ただ、厳しい予選を勝ち抜いてきた代表メンバーから、45歳のカズ招集に対する不安、反発、軋轢はまったく聞かれない。そればかりか、一夜明けただけでキング・カズへの期待はより膨らみ、チームに活気がみなぎっているという。別のサッカー担当記者が話す。
「3回連続のW杯切符を手にした時、昨季のFリーグMVPで得点王の森岡が、『(1月にFリーグ・デビューした)カズさん(の招集)ばかりが注目されるけど、本来なら代表選手をもっとたたえるべき』と話していただけに、今回もカズについての質問に気を遣うつもりでしたが、取り越し苦労でした(笑)。メンバー側から積極的にカズさんとの触れ合いエピソードが飛び出してきました」
例えば、宿舎の食堂でカズのテーブルは満席で、カズ自身が思わず「A代表時代は1人なんてこともあったよ」と隠れエピソードを明かしたほどだ。
前出・デスクが続ける。
「(フットサル界の)不遇の時代から引っ張って来た一人の小暮賢一郎(32)は、『カズさんの経験や人間性は間違いなくプラスになる』と話してますし、守りのスペシャリストの小宮山友祐(32)も、『てっきり、“一緒にフットサル界を盛り上げよう”と言うのかと思ってたら違うんですよ。“フットサル界を変えるのはオレじゃなくてキミたちだよ。

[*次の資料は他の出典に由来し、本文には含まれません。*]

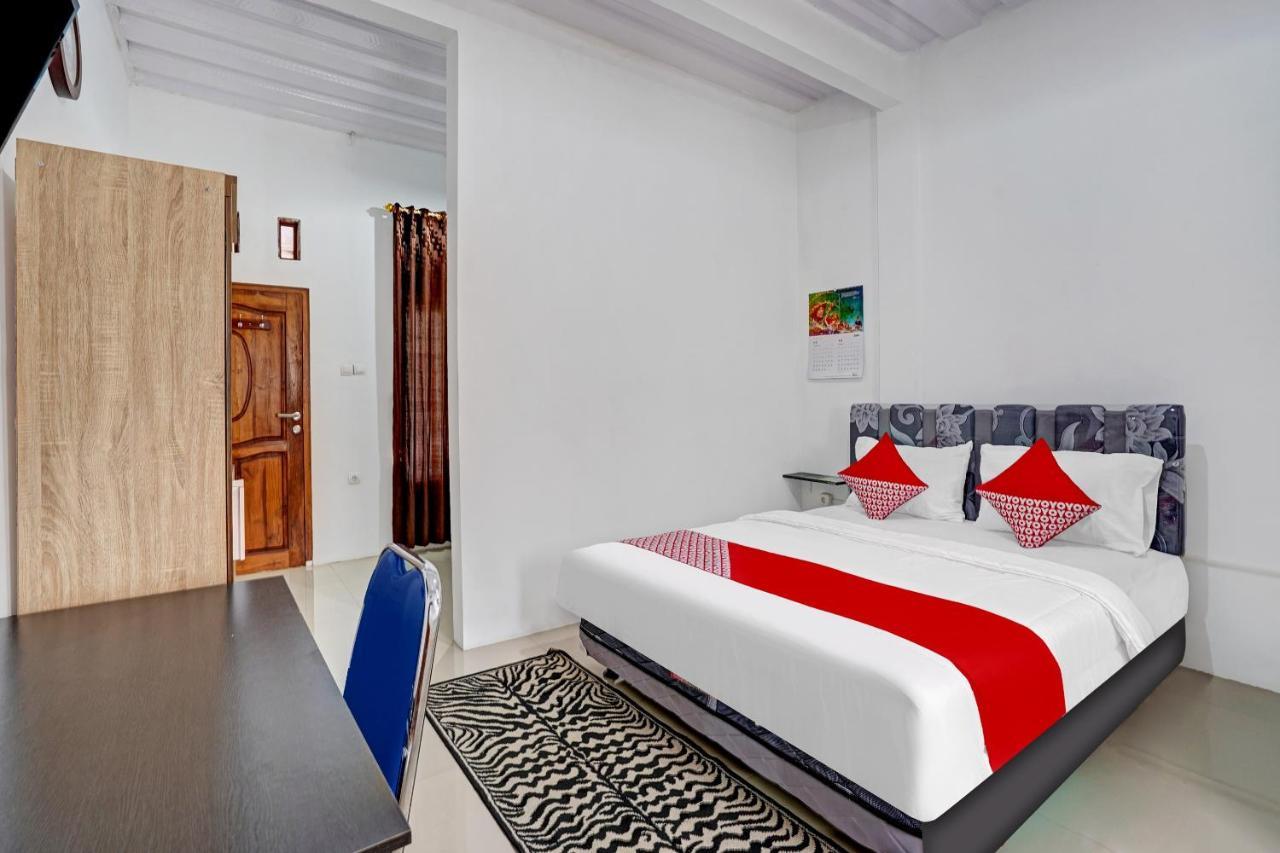 Oyo Life 90678 Omah Kulo Guest House Nganjuk Εξωτερικό φωτογραφία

オレにできることなら何でもやるよ”と、サラッと言ってくれたんで、熱くなりました』と話していましたね」
ロドリゴ監督も、代表メンバー発表の席で、カズのリーダーシップに熱い期待を寄せていたが、同時にそのシュート能力にも高い評価を下しているという。
前出・協会関係者が明かす。
「フットサルのデビュー戦を見て、ゴールへの強い執着心に引かれてました。いちばん多くのシュートを放っていたように、どこからでも狙う姿勢は健在です」
高校を中退し、ブラジルに渡り、19歳の時に名門サントスの一員として日本デビューを飾ったキング・カズ。当時からインタビュー取材を続けるサッカーライターの渡辺達也氏も、衰えを知らないシュート力が魅力だと話す。
「Jリーグ時代もマークを外す動き、落ち着き払ったシュートは“巧み”そのもの。昨年3月の復興支援チャリティマッチで見せた鮮やかなゴールシーンは印象深い。周りは『持ってるな~』という言葉で片づけてましたが、そうじゃない。メンバーや戦術しだいでは、Fリーグの得点王だって狙えます」
そんな現役にこだわり続けるストライカーの足元を見ると、プーマ一筋のスパイクから(日本代表スポンサーの)アディダスに履き替えていた─。